Write out all the records exactly, and keep any images out.

─── Data for this exercise ───

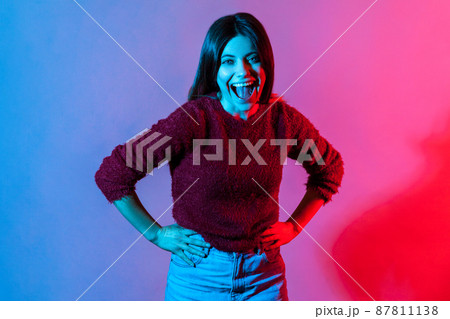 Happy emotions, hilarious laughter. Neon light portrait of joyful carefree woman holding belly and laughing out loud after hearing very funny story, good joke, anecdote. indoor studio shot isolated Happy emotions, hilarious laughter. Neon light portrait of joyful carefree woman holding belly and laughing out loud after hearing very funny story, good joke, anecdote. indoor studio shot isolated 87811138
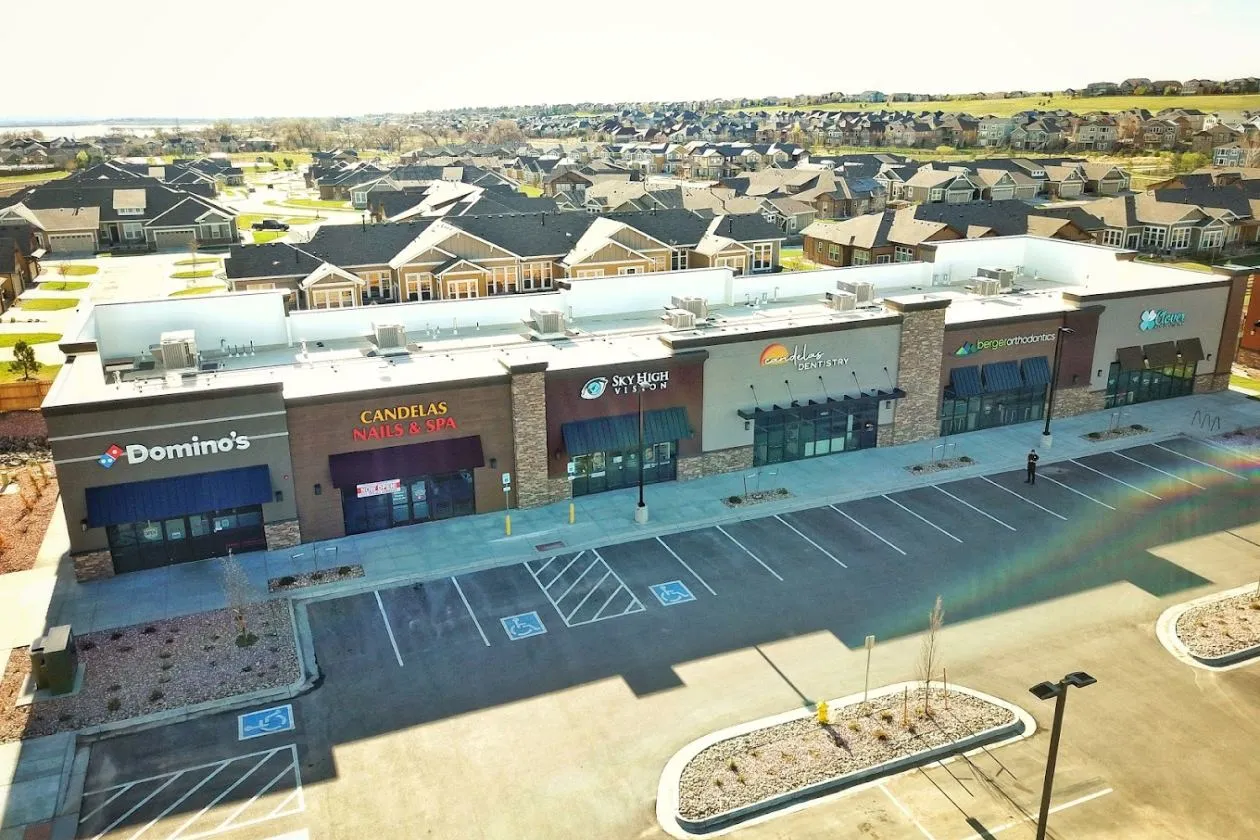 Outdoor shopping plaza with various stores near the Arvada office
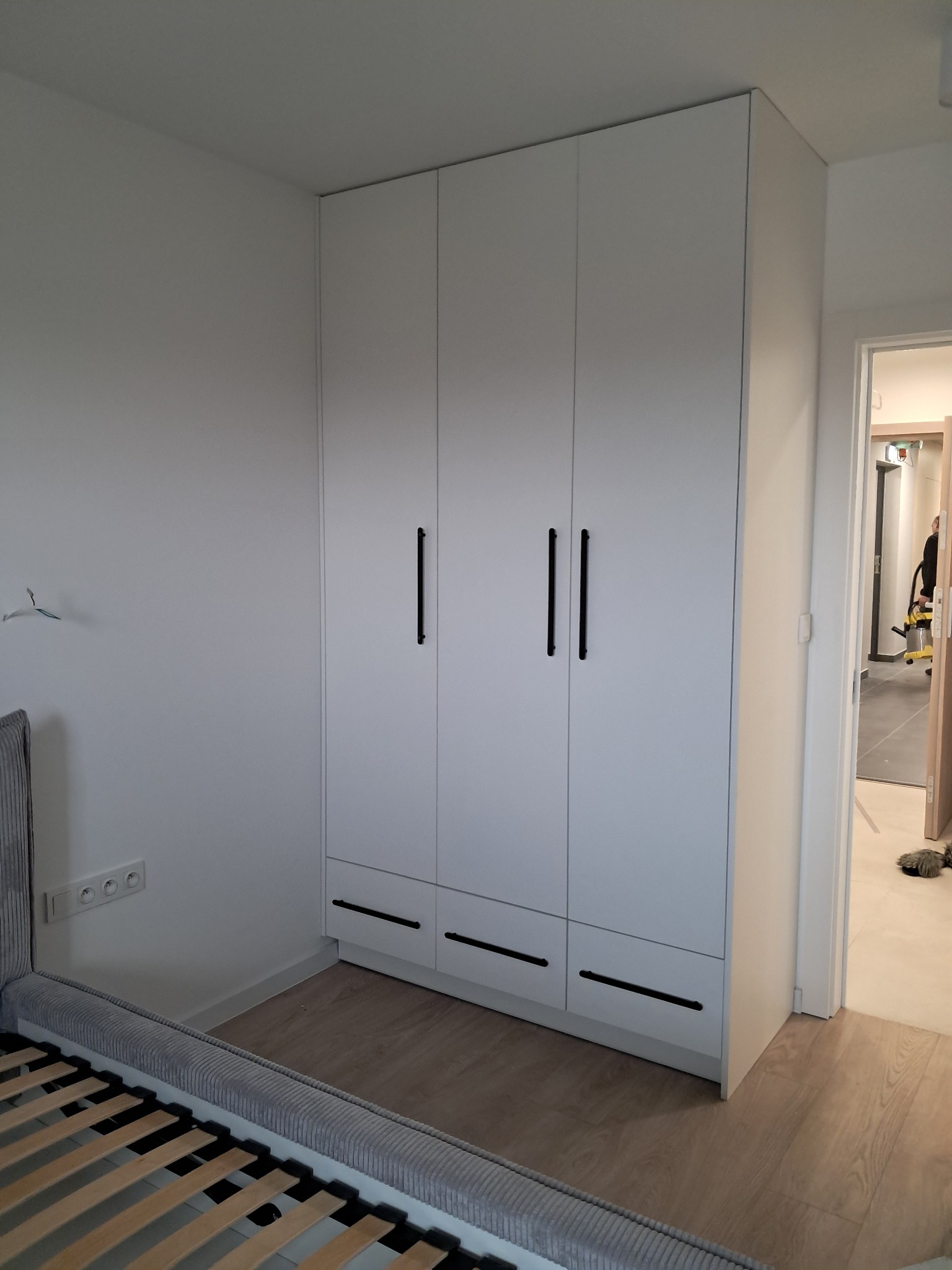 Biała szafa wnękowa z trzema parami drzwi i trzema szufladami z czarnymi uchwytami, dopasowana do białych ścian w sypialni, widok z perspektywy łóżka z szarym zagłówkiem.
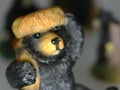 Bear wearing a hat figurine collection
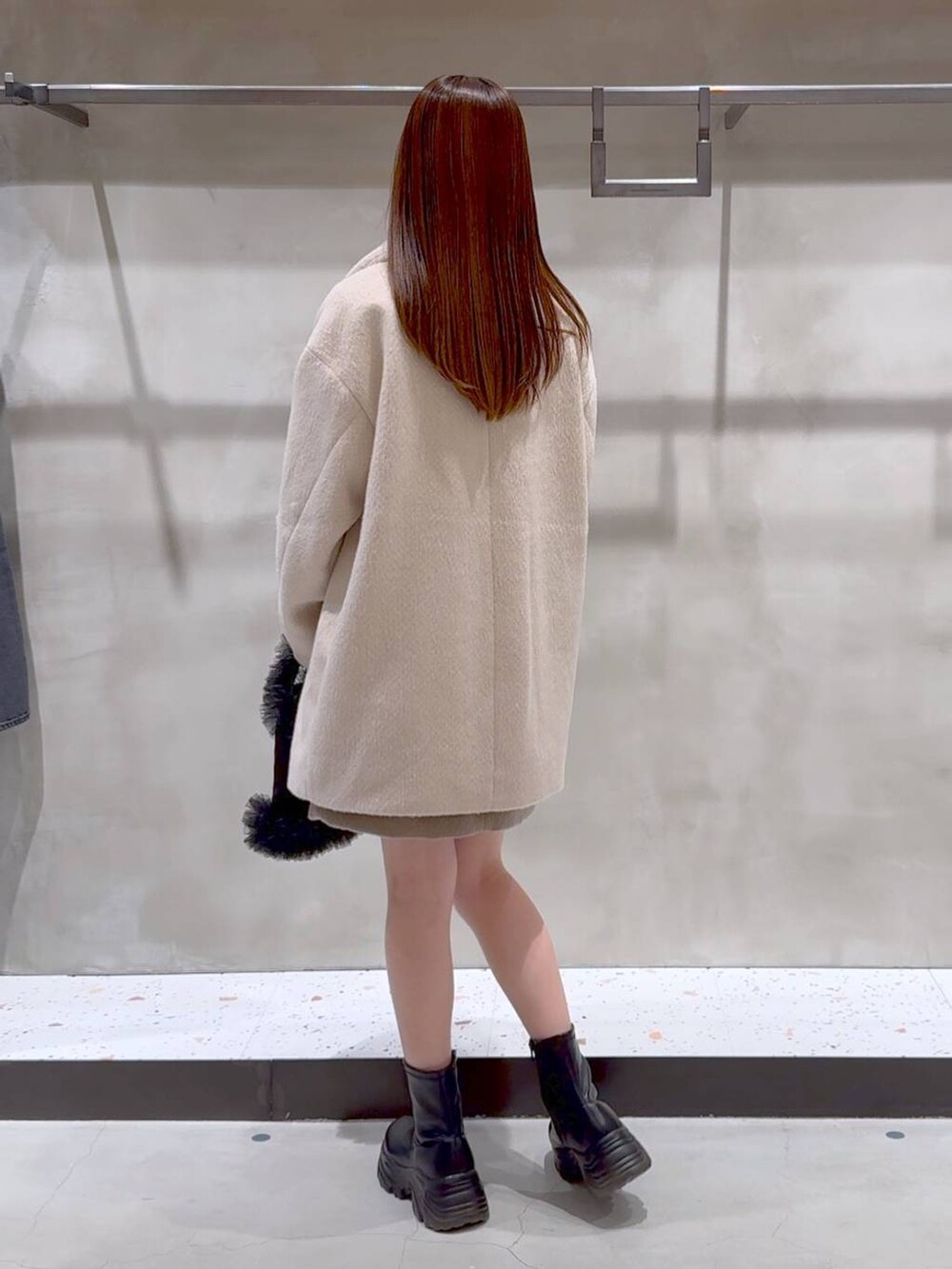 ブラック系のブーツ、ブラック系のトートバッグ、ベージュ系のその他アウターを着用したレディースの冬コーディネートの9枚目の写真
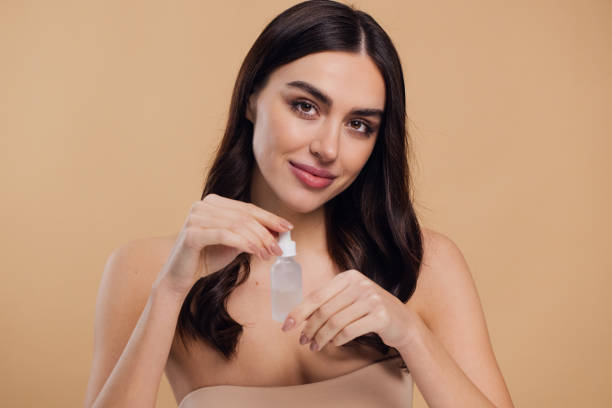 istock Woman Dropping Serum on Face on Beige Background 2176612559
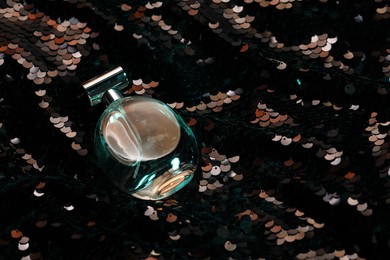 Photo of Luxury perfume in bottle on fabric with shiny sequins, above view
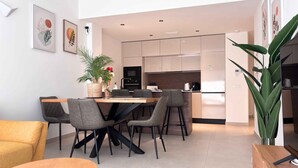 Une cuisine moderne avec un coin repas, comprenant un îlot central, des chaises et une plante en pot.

───

# Solution to this task
 Happy emotions, hilarious laughter. Neon light portrait of joyful carefree woman holding belly and laughing out loud after hearing very funny story, good joke, anecdote. indoor studio shot isolated Happy emotions, hilarious laughter. Neon light portrait of joyful carefree woman holding belly and laughing out loud after hearing very funny story, good joke, anecdote. indoor studio shot isolated 87811138
 Outdoor shopping plaza with various stores near the Arvada office
 Biała szafa wnękowa z trzema parami drzwi i trzema szufladami z czarnymi uchwytami, dopasowana do białych ścian w sypialni, widok z perspektywy łóżka z szarym zagłówkiem.
 Bear wearing a hat figurine collection
 ブラック系のブーツ、ブラック系のトートバッグ、ベージュ系のその他アウターを着用したレディースの冬コーディネートの9枚目の写真
 istock Woman Dropping Serum on Face on Beige Background 2176612559
 Photo of Luxury perfume in bottle on fabric with shiny sequins, above view
 Une cuisine moderne avec un coin repas, comprenant un îlot central, des chaises et une plante en pot.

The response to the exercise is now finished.